Spotify plans to cut 6 per cent of its workforce as part of an overhaul to the business, becoming the latest technology group to lay off staff in an attempt to reverse a pandemic-induced hiring spree.
The music-streaming service estimated it would incur about €35mn-€45mn in severance-related charges to staff who will lose their jobs.

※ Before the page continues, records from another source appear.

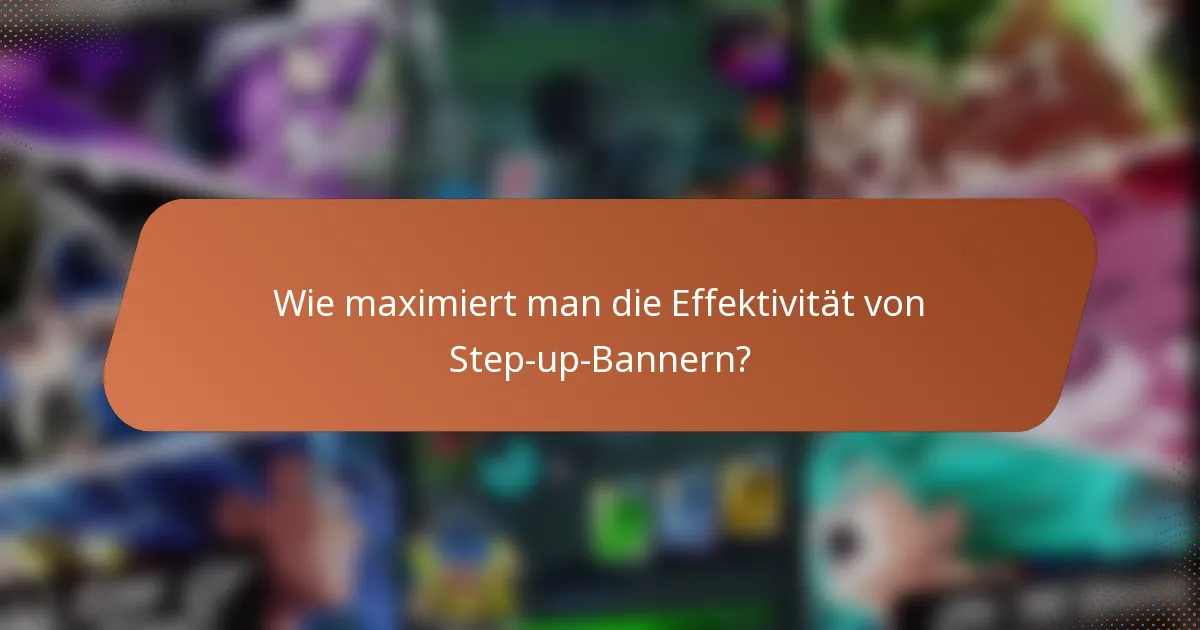 Wie maximiert man die Effektivität von Step-up-Bannern?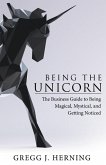 Being the Unicorn (eBook, ePUB)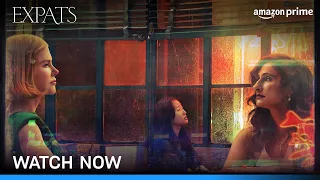 Expats - Watch Now | Nicole Kidman, Sarayu Blue, Ji-young Yoo | Prime Video India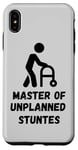 iPhone XS Max Master of Unplanned Stunts Funny Accident Prone Humor Art Case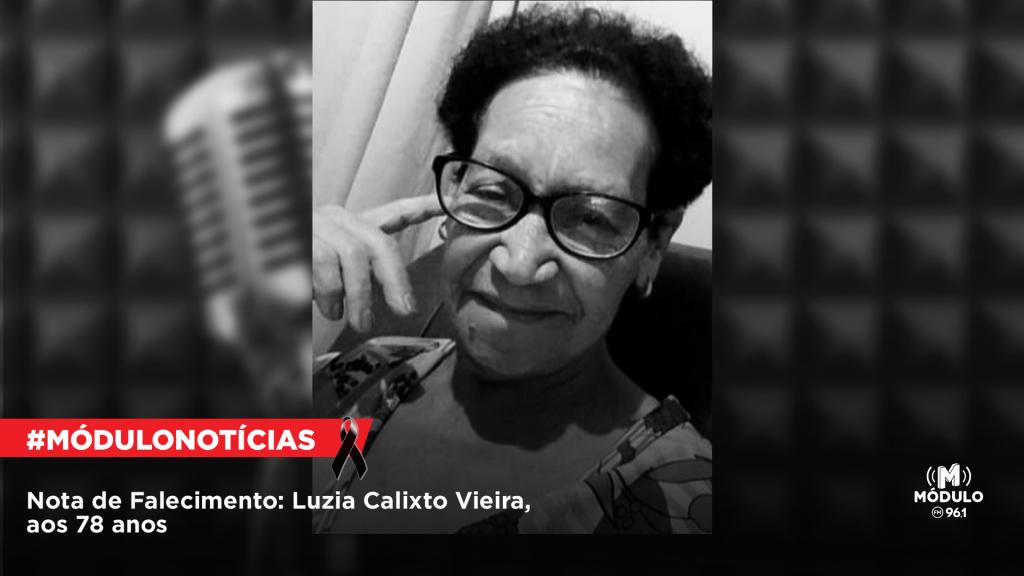 Nota de Falecimento: Luzia Calixto Vieira, aos 78 anos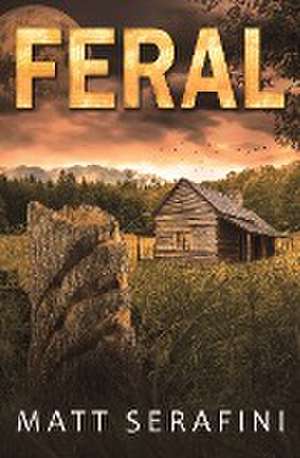 Feral de Matt Serafini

Spotify reported having 6,617 employees at the end of the financial year 2021.
Alex Norström, chief freemium business officer, and Gustav Söderström, head of research and development, will become co-presidents as part of a shake-up at the top of the business.
Dawn Ostroff, chief content and advertising business officer, will leave the group, taking on an advisory role in the interim, Spotify said in a statement on Monday. Ostroff helped expand Spotify’s podcast content by 40 times, the company said.
The moves are part of efforts to drive more efficiency, control costs and accelerate decision-making, chief executive Daniel Ek told staff.
“I hoped to sustain the strong tailwinds from the pandemic and believed that our broad global business and lower risk to the impact of a slowdown in ads would insulate us,” Ek said.
“In hindsight, I was too ambitious in investing ahead of our revenue growth,” he added.
Other tech groups to axe staff include Microsoft, which last week said it would cut 10,000 jobs, or 5 per cent of its workforce, by the end of March, in a push to lower costs.